Meanwhile in South America, a liberal scientist name Pamela Isley (Thurman) is complaining about the lack of funding and supplies for her environmentalist research. She peeks into the neighboring lab of Dr. Jason Woodrue (Glover) and discovers he is holding a huge auction with a huge collection of known (and admitted) criminal masterminds. Up for bidding is the means to transform a small-time local hood into a super-powered bulked-up evil luchador named Bane (Swenson) by the use of the super-soldier serum known as Venom. Isley threatens to report Woodrue to the authorities, but he knocks her down and dumps a rack of chemicals over her. Minutes later, she returns as eco-nut Poison Ivy, whose kiss is lethal. She frees Bane and destroys the lab, vowing to go after the company that supplied them, which of course is Wayne Enterprises.

Back in Gotham, Alfred’s niece Barbara (Silverstone) arrives at Wayne Mannor for a visit. Bruce wants her to stay, much to the pleasure of Dick Grayson. Barbara pretends to be cute and innocent, but when the sun sets and she thinks everyone has gone to bed, she runs into the garage and borrows one of the motorcycles that she claims to dread.

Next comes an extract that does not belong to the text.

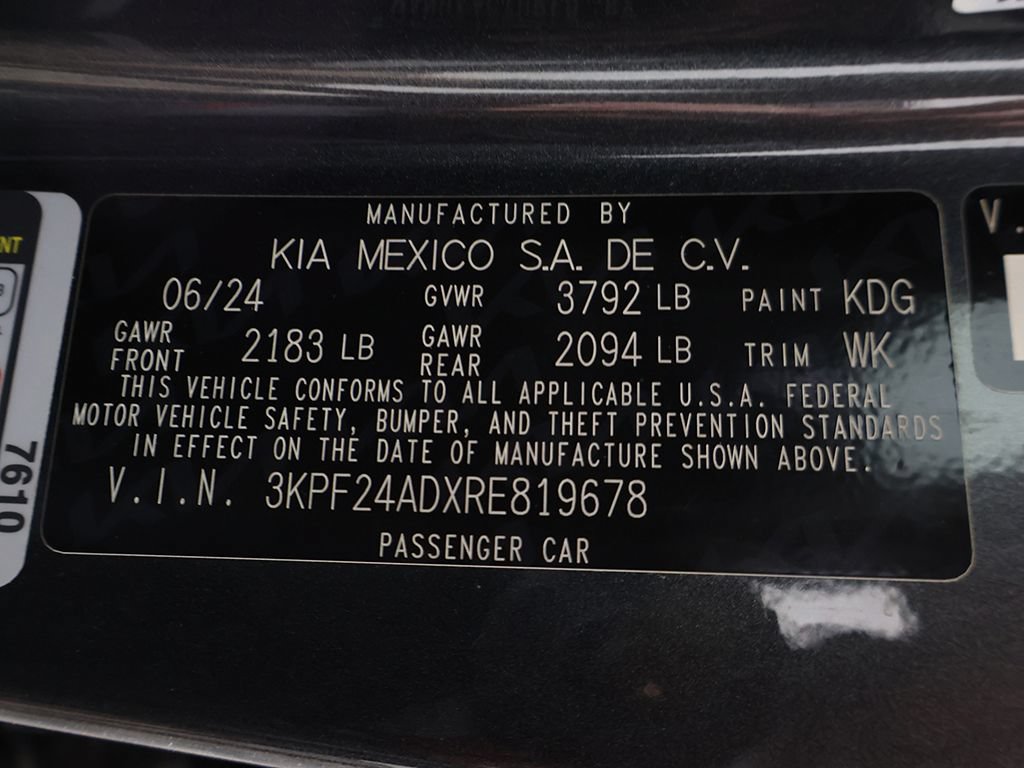 Certified 2024 Kia Forte LXS w/ LXS Technology Package FWD image 46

Ivy arrives (with Bane in tow) and disguises herself as Isley to propose a new environmentalist project at the same time that Bruce Wayne is donating a telescope to the Gotham Observatory. This is a huge facility set on top of an equally huge statue of Atlas. (Yes, just like the Atlas statue in Paragon City, only without the globe.) Wayne rejects Ivy’s proposal, which leads her to ramble on about enslaved women and Mother Nature before walking away in embarrassment.

That night, Batman and Robin make an appearance at a charity event in the observatory. At that point Poison Ivy makes her official debut and seduces every man in the room, including Batman and Robin, who then engage in a millionaire bidding war, with Robin bidding money that he would borrow from Batman and Batman pulling out his Batman Express card. This stupidity is thankfully interrupted by Freeze, who is immune to Ivy’s pheromone spray. Batman and Robin give chase in their vehicles, but an over-protective Batman shuts down Robin’s cycle, and Batman takes the credit for defeating Freeze with seemingly a wave of his cape.

Normally at this point I would stop and leave you hanging to watch the movie. However this movie is so abysmally bat-bad, I’m going to save you the trouble.

After being sent to Arkham Asylum so Freeze can give out some more rhetorical repertoire to the guards (one of them played by Schwarzenegger’s friend Jesse Ventura), Ivy and Bane break him out and offers up a partnership. It is a partnership that apparently doesn’t include Freeze’s wife, and Ivy lets Freeze believe that Batman had killed her.

Bruce tries to patch things up with Dick, but the young man refuses to accept his apology. They then go into dude-denial about falling for Ivy. Dick finds out that Barbara has been doing illegal bike racing in the streets of Gotham to raise money to get Alfred out of the mansion. She knows that Alfred is dying from MacGregor's Syndrome, and so does Bruce.

Ivy talks Robin into meeting with her alone. Batman tries to talk Robin out of it, but he still goes. Meanwhile, Freeze and Bane take over the observatory. Barbara, searching for a way to help, hacks into her uncle’s computer and discovers the “Bat-Secret”. She makes her way to the cave, where a simulated Alfred has something “appropriate” for her. We then see a montage of her gearing up... with a cape covering her bottom and no fake nipples!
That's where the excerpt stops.